Pictures excluded, output the lines of the data below between the one holding "Cassiopeia Upholstered Counter" and the one holding "13x20 FT Metal Carport with Upgraded Frame", inclusive, exactly as they stand.

Data shown:
------------------------------------------------------------

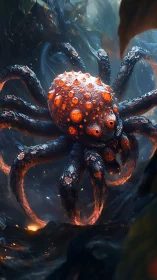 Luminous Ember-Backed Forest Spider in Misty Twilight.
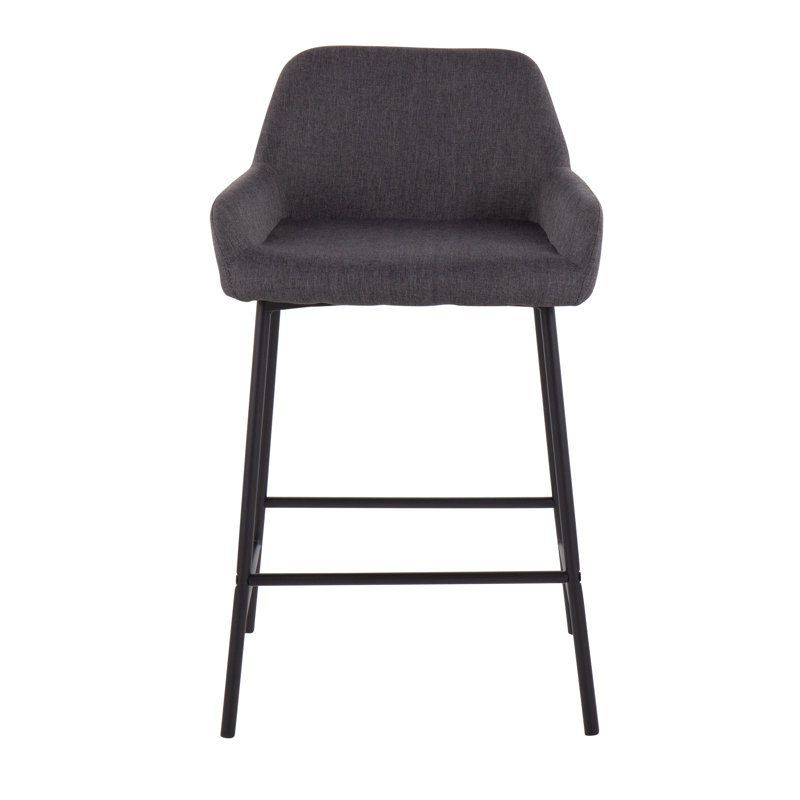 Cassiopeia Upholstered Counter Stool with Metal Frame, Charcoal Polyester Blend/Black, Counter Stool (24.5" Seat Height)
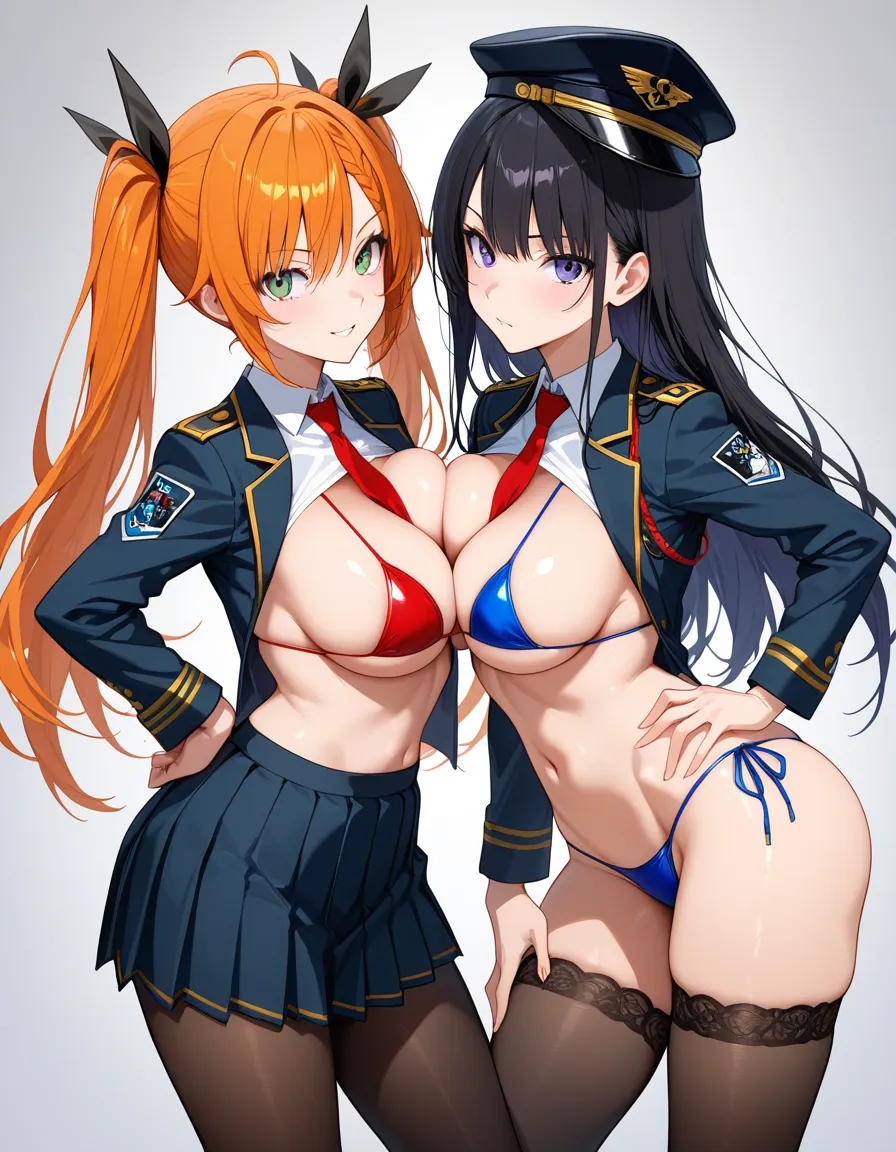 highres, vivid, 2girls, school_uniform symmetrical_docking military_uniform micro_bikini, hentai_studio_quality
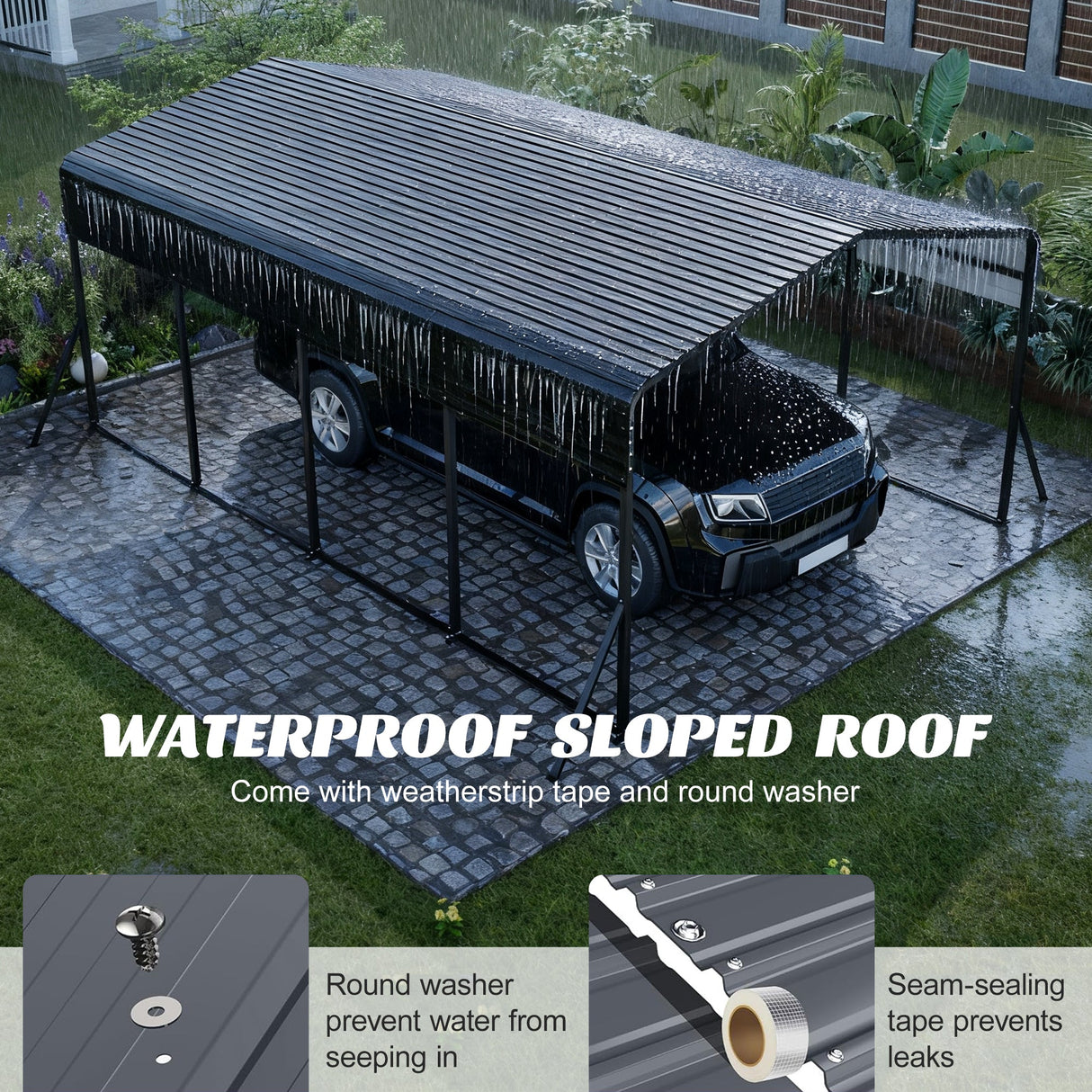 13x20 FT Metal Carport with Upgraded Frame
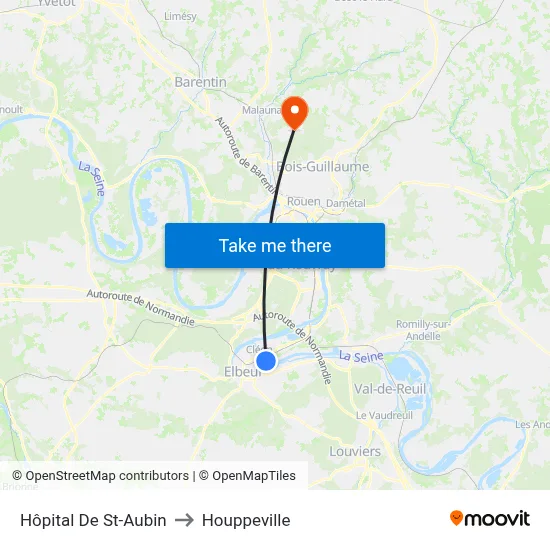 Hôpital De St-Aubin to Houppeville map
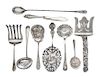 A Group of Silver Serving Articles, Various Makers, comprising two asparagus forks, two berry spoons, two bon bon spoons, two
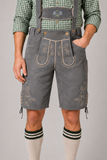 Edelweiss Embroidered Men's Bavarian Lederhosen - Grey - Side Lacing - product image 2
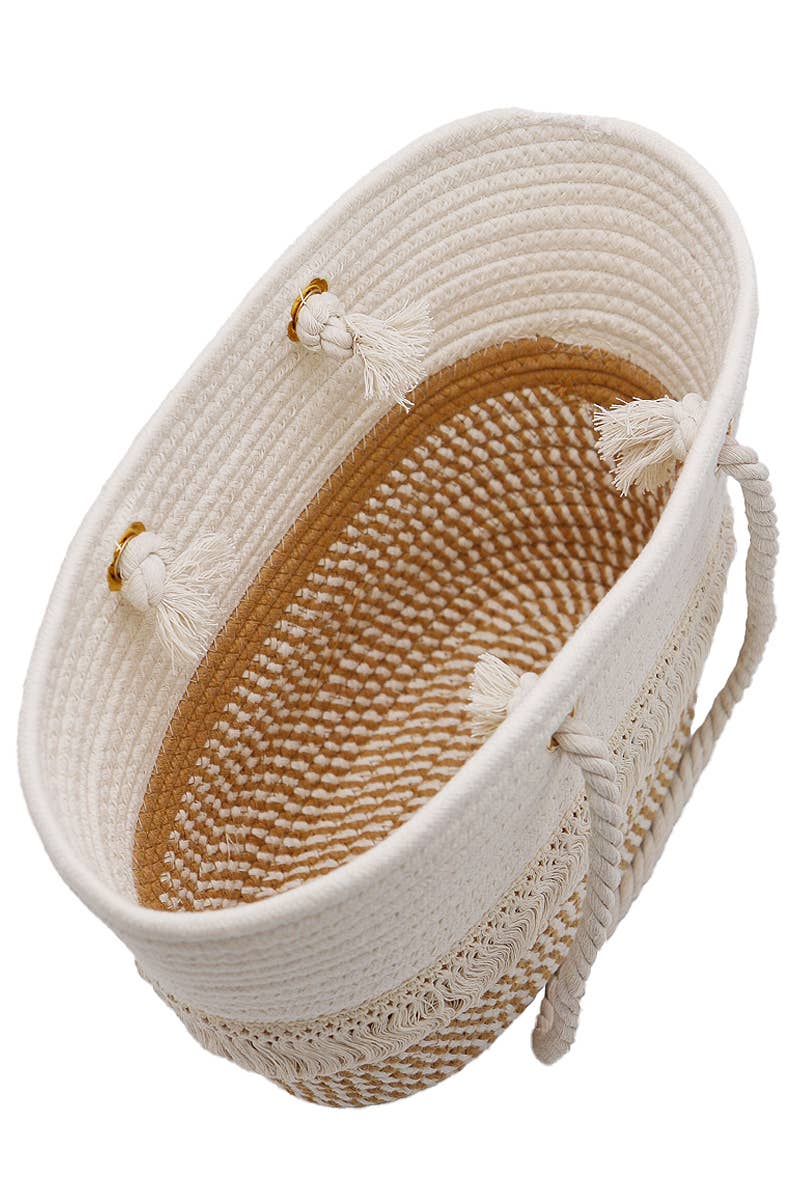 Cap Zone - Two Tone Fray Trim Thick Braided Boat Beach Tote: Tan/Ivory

------------------------------------------------------------

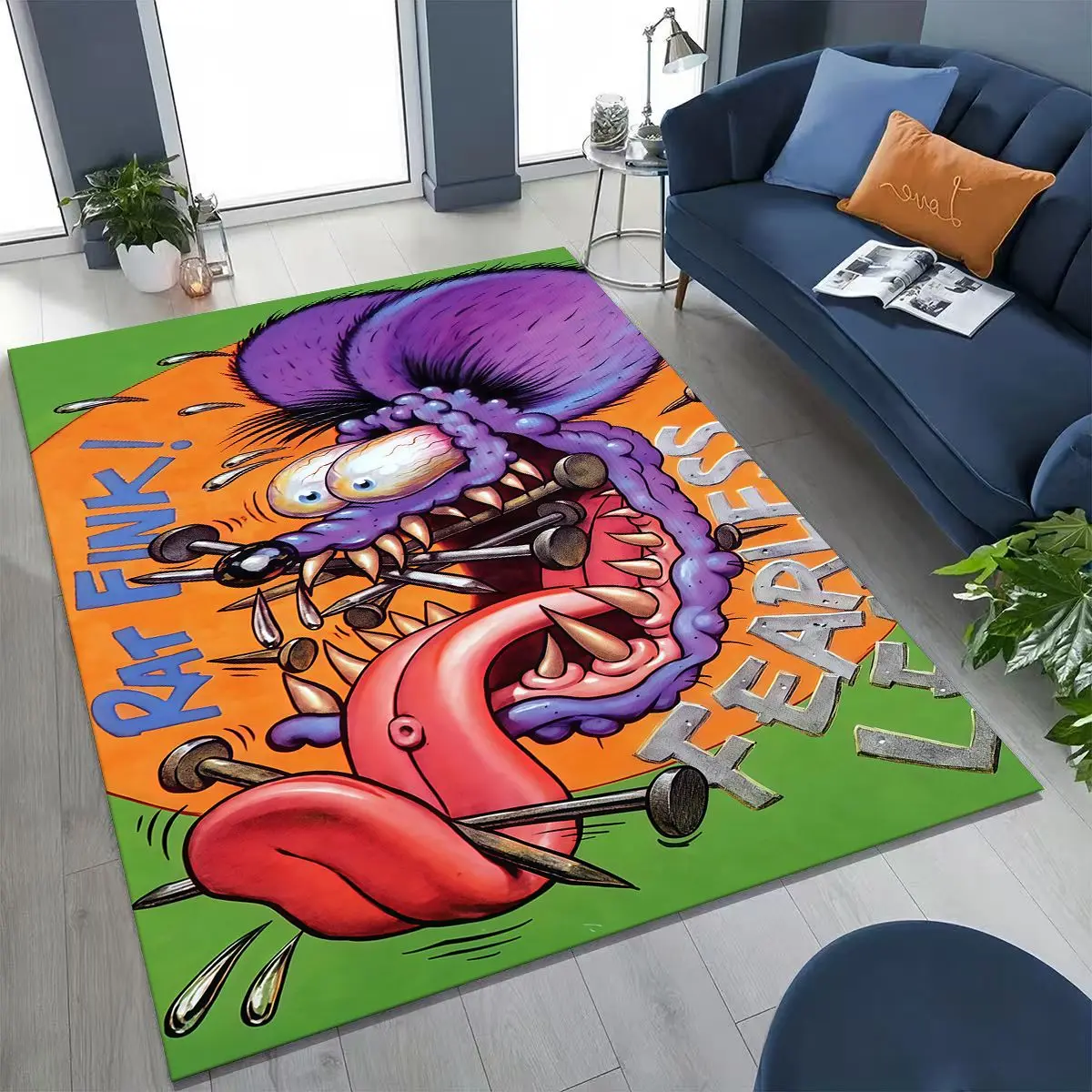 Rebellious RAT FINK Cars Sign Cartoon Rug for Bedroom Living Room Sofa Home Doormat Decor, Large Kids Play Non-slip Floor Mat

------------------------------------------------------------

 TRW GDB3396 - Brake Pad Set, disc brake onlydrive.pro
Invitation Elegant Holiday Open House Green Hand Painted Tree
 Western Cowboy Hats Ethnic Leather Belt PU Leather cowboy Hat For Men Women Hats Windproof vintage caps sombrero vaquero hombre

------------------------------------------------------------

Answer for the task:
 Cassiopeia Upholstered Counter Stool with Metal Frame, Charcoal Polyester Blend/Black, Counter Stool (24.5" Seat Height)
 highres, vivid, 2girls, school_uniform symmetrical_docking military_uniform micro_bikini, hentai_studio_quality
 13x20 FT Metal Carport with Upgraded Frame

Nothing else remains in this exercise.